# Drafty Gas Fireplace



## Robert620 (Jan 7, 2017)

Just installed a new gas fireplace. There is a lot of draft coming thru the exterior box of the fireplace around the fire box, there are a number of perforations around the sheet metal for electrical and gas, etc. I used metal tape to try and seal the holes on the exterior of the sheet metal, but no luck there. I believe the adhesive just gave way with a bit of heat. The fireplace is in a chase about 5' X 2' built on the exterior of the house that runs floor to ceiling.

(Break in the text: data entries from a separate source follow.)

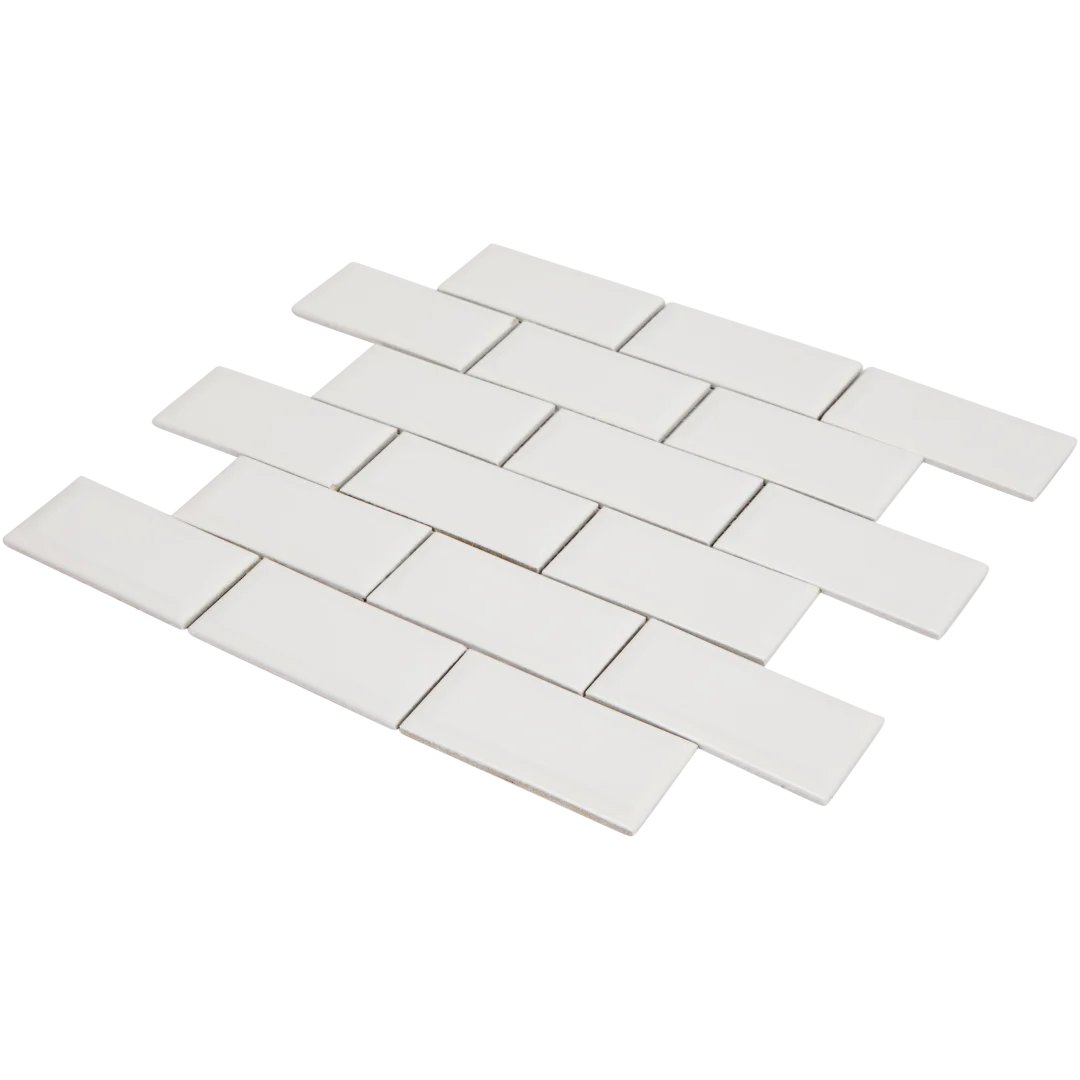 Ceramiczne płytki ścienne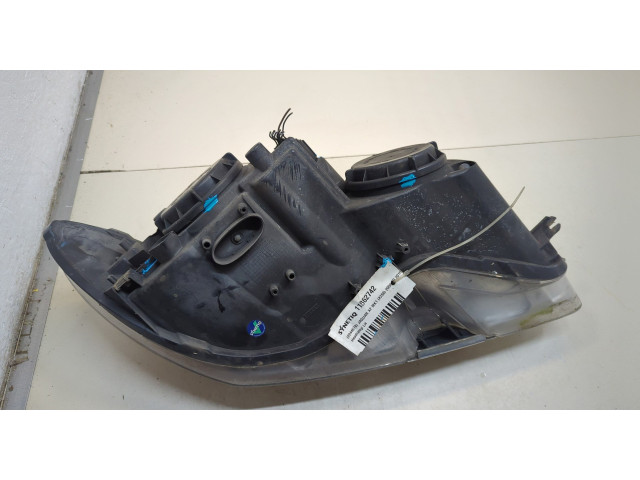 Фара передняя Jaguar XF 2007-2015 левая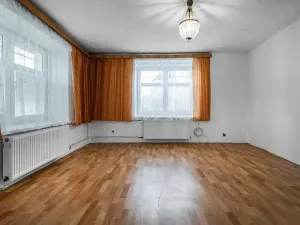 Prodej rodinného domu, Paběnice, 100 m2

The chase is not insulated or sealed. is there any way to seal the fireplace exterior box, or do I have to seal and insulate the chase to stop the draft?


----------



## DAKSY (Jan 9, 2017)

Sorry to tell you, but you need to insulate. 
I taped the exterior seams & holes of the firebox with aluminum tape 
BEFORE it was loaded on the install truck.
I use R-19 Kraft faced around the chase walls,
& built a sheetrock deck above the unit & insulated that, as well.
There should be insulation under the floor, too.
The interior chase wall should be sheetrocked after it's insulated &
I also tape or caulk EVERY seam in the sheetrock, 
If you vented off the top, you need to seal the gap between the vent 
& firestop in the sheetrock deck.
The main problem comes from the fact that you have a metal box sitting in an 
unheated chase. Even with all the sealing & insulation, if the unit isn't
burning, the box will get cold & you will get a draft from the warm air inside
your home hitting that cold metal & getting cooled. It will then flow into the top of 
the unit, hit the (COLD) heat exchanger, drop behind the firebox & exit thru the 
valve cavity as a cold draft.


----------



## Robert620 (Jan 10, 2017)

Thanks for the reply!
So the next question would be how and what to use to seal around the vent cap. There is still a lot of air able to get thru there??? Can it be insulated as well? Is there some high temp insulation? I have a horizontal/sidewall vent.


----------



## DAKSY (Jan 10, 2017)

You can use tape gasket. It's the same stuff that's used on wood stove glass.
3/4" wide with adhesive on one side. Get about 4 feet of it, so you can wrap it twice.
Use your high school math - pi x the diameter of the pipe - to figure out what you'll
need to go round it one time, & then double that to make sure you get a good seal.


----------



## Don2222 (Jan 14, 2017)

It you do Roxul 100% fire proof insulation then no need to Sheetrock


----------



## DAKSY (Jan 29, 2017)

Don2222 said:


> It you do Roxul 100% fire proof insulation then no need to Sheetrock



Even if you can get rigid Roxul, you will STILL need seal the seams. 
Not sure of the cost, but I'm thinking R-19 & sheetrock are cheaper than Roxul.


----------